Dies Programm stand seit Ausbruch des Krieges hinter allen Maßregeln, die die
„Raja“ der christlichen Nationen als eine „Herde“ von Hörigen behandelten: die
allgemeine Entwaffnung der christlichen Bevölkerung, die Degradierung der
armenischen Soldaten, die mit der Waffe eingezogen worden waren, zu Lastträgern
und Straßenarbeitern, die Entlassung der armenischen Beamten und Ärzte aus dem
Verwaltungsdienst und den Kriegslazaretten usw. Dies pantürkische Programm stand
schon vor den Tagen von Wan hinter den Verschickungen und Massenverhaftungen in
Cilicien und im Wilajet Erzerum und diktierte den Vernichtungsfeldzug, den
türkische und kurdische Truppen im Winter 1914/15 in Nordpersien gegen die
friedliche syrische und armenische Bevölkerung von Urmia und Salmas führten. Dies
Programm rief die allgemeine Christenverfolgung in den Wilajets Diarbekr und
Mossul hervor, der unterschiedslos Jakobiten, Chaldäer, Nestorianer und Armenier
zum Opfer fielen.
Auch ohne den „Aufstand von Wan“ wäre dies Programm durchgeführt worden.

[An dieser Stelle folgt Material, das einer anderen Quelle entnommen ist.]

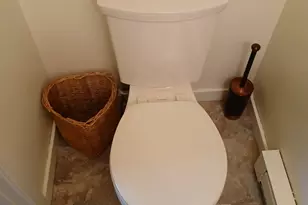 51 Brook St, Naugatuck, CT 06770 - Photo 8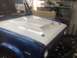 1974 Ford Bronco photo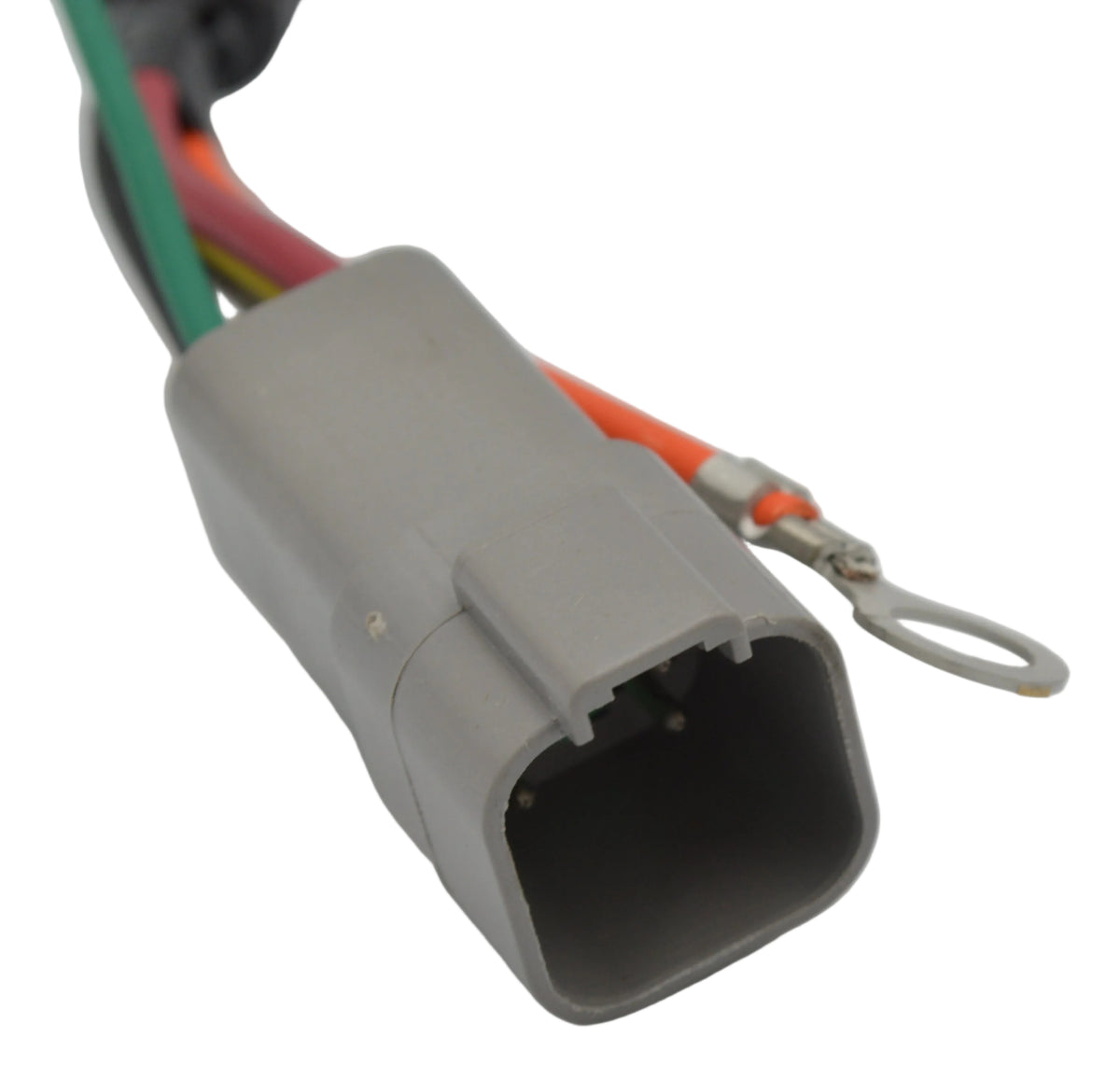846776 Wiring Harness | Genuine OEM Replacement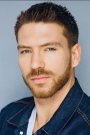 Jesse Kove Film ve Dizileri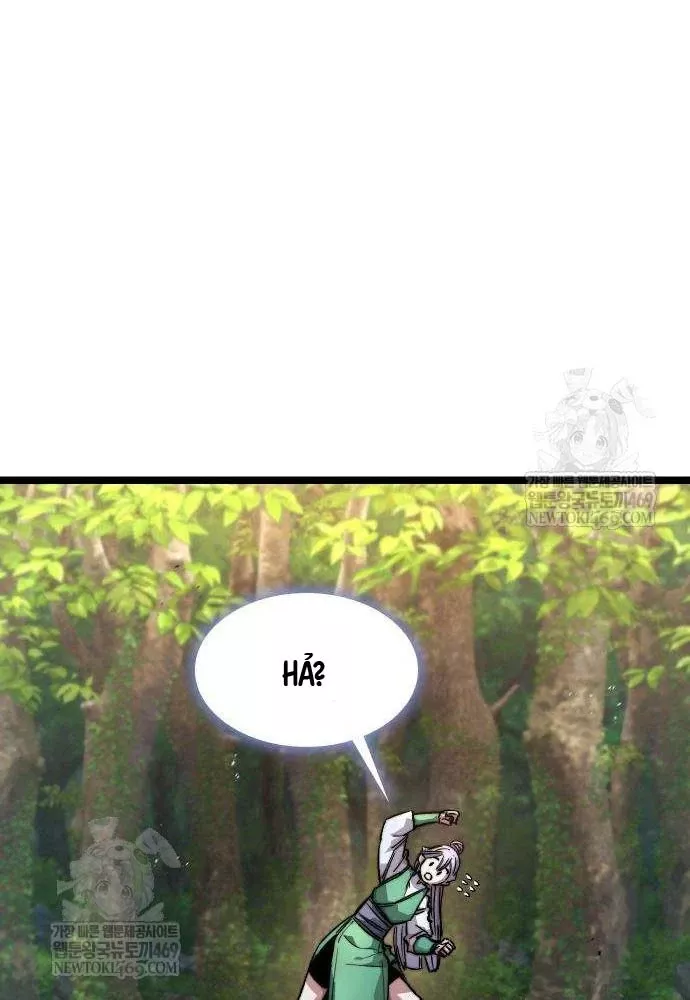Tuyệt Thế Học Sĩ Chapter 20 - Trang 42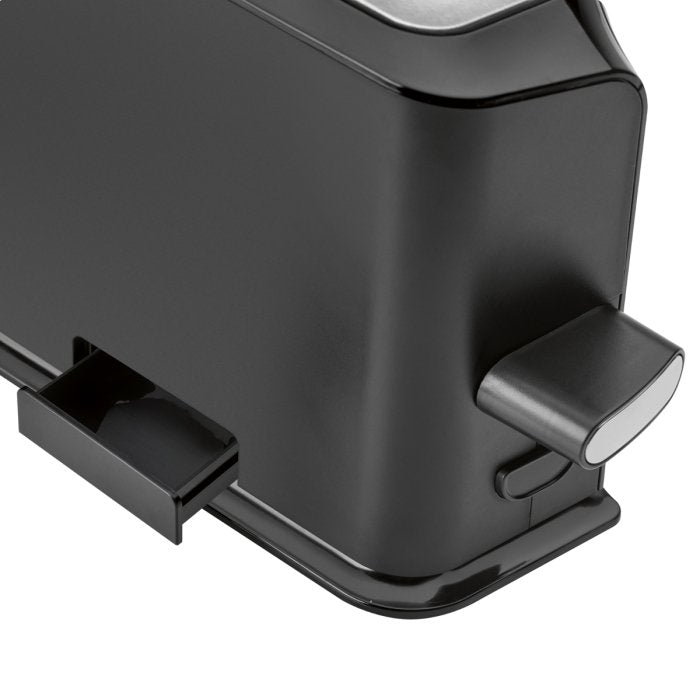 EAN 4006160113303 - ProfiCook PC-VK 1133 sellador al vacío 800 mbar Acero inoxidable imagen 3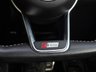 USED 2015 AUDI TT 2.0 TFSI S line Coupe 3dr Petrol S Tronic Euro 6 (s/s) (230 ps) FSH|TECHPACK|LOWOWNERS|ULEZ
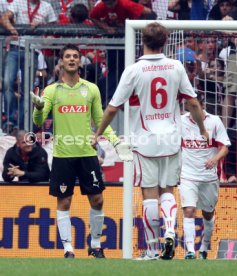 VfB Stuttgart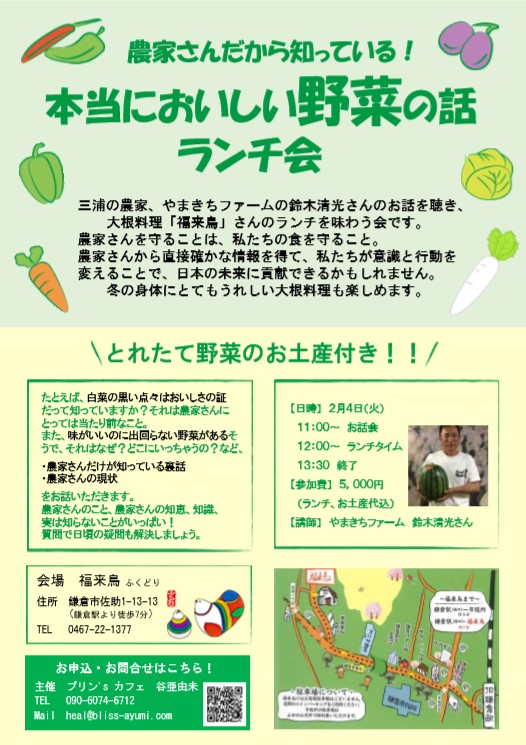 f:id:fukudori:20200131140806j:plain f:id:fukudori:20200131140806j:plain
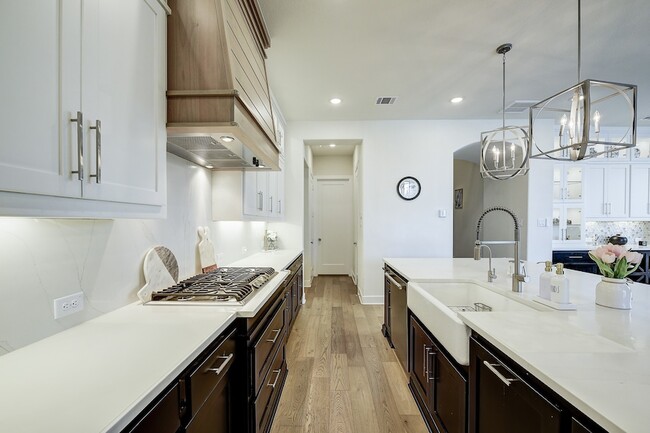 Building Photo - 2361 Glen Heather Ln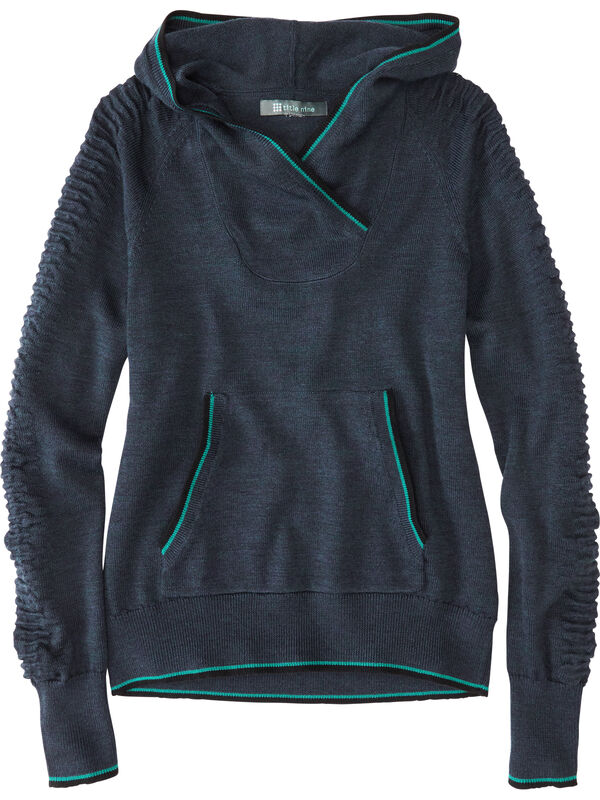 Reflect Tech Hoodie, , original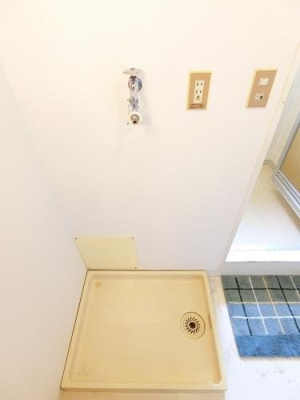  | サンライズ香椎 | 物件の画像17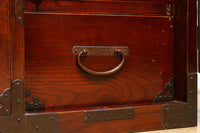 Clothing Chest BB3233
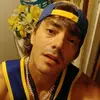 Joey Ames - @daydrama31 - TikTok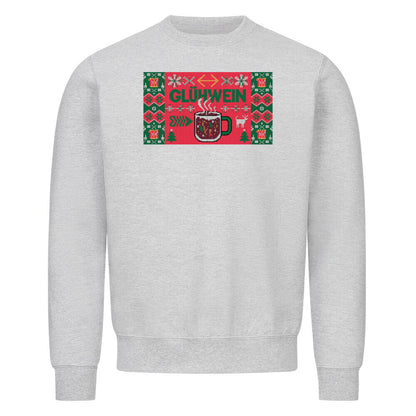 Image for color: heather grey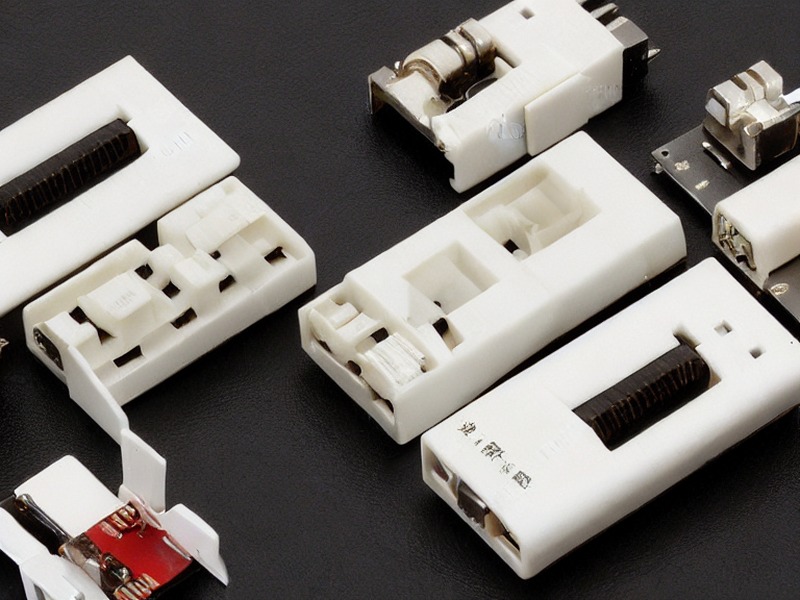 pg电子官网入口 调试工具指南资料库 1
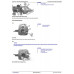 TM13306X19 - John Deere 410L Backhoe Loader (SN C273920-; D273920-) Service Repair Technical Manual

Denn schon dieser „Aufstand“ war ein Akt des Selbstschutzes gegen das drohende
Massaker, das an mehreren Orten gleichzeitig einsetzte, als Djevdet Bey durch den
Meuchelmord an den armenischen Führern das Signal dazu gab, in denselben Tagen,
in denen auch in Cilicien die Verschickung auf große Distrikte ausgedehnt wurde, die
außerhalb des Kriegsgebietes lagen.
Der „Aufstand von Wan“ gab nur einen weithin sichtbaren Vorwand her, um den
längst gefaßten Plan der Türkisierung und Islamisierung des Reiches der Außenwelt
gegenüber unter den Schein militärischer Notwendigkeiten zu verhüllen und im
Schoß des Komitees selbst jeden Widerstand gegen die radikalste Form seiner
Durchführung, die Vernichtung zunächst des armenischen Volkes, zu unterdrücken.
Von welcher Seite in Konstantinopel die entscheidende Wendung in der armenischen
Politik der Regierung herbeigeführt wurde, durch Enver Pascha oder Talaat Bey oder
durch einen Beschluß des jungtürkischen Komitees, darüber wird man erst Aufschluß
erlangen, wenn die Interna der jungtürkischen Regierung an den Tag gekommen sein
werden[6]. Es scheint, daß im Komitee selbst Gegensätze zwischen einer radikalen
und einer gemäßigteren Gruppe bestanden, die in der Zeit vom 24. April bis zum 27.
Mai zum Austrag gebracht wurden und mit dem Sieg der radikalen Gruppe endeten.
Das Ergebnis dieser Kämpfe war der Beschluß, der das Schicksal des armenischen
Volkes besiegelte: Die allgemeine Deportation.